I highly recommend wearing sweatbands on your wrists when doing 100 kettlebell snatches every day for a week. This will help absorb some of the impact of the kettlebell. Unfortunately, I only thought about it after the seven days were up.
I was out of breath
Thanks to the constant movement of the kettlebell snatch and also the fact that it recruits so many muscles, it also makes it a very good cardio movement. After just 20 reps, I had to drop the kettlebell and take a quick breath! I love that the kettlebell snatch really is a great 2-in-1 move; working so many muscles and giving my heart and lungs a nice attack too!

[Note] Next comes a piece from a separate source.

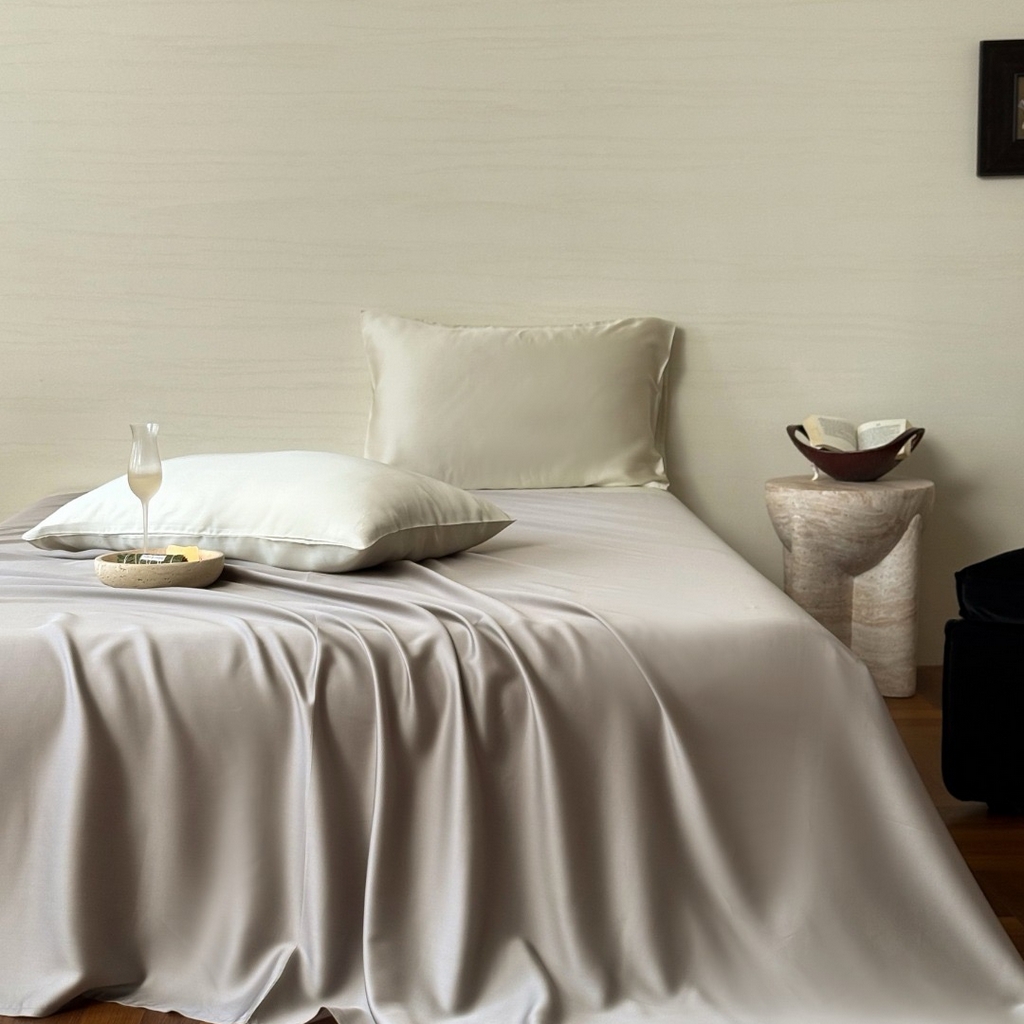 91家纺网 家纺一手货源 找家纺 禾时 2025新款纯色双拼兰精天丝单品系列-单床单 床单单件 曙光银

I did 100 kettlebell snippets a day for a week – my verdict
I love a snatch, so the move itself wasn’t new, but the number of reps certainly was. I felt it all over my body, and it really got my heart rate up, which is something I aim to do in all my workouts.
Other than the minor bruises and the near death incident of the Apple Watch, everything went well with this challenge and I loved the feeling of getting fitter and stronger. Will I incorporate more kettlebell snippets into my diet? Yes I love them!
Next: Find out what happened when this fitness writer did bicep curls every day for a week.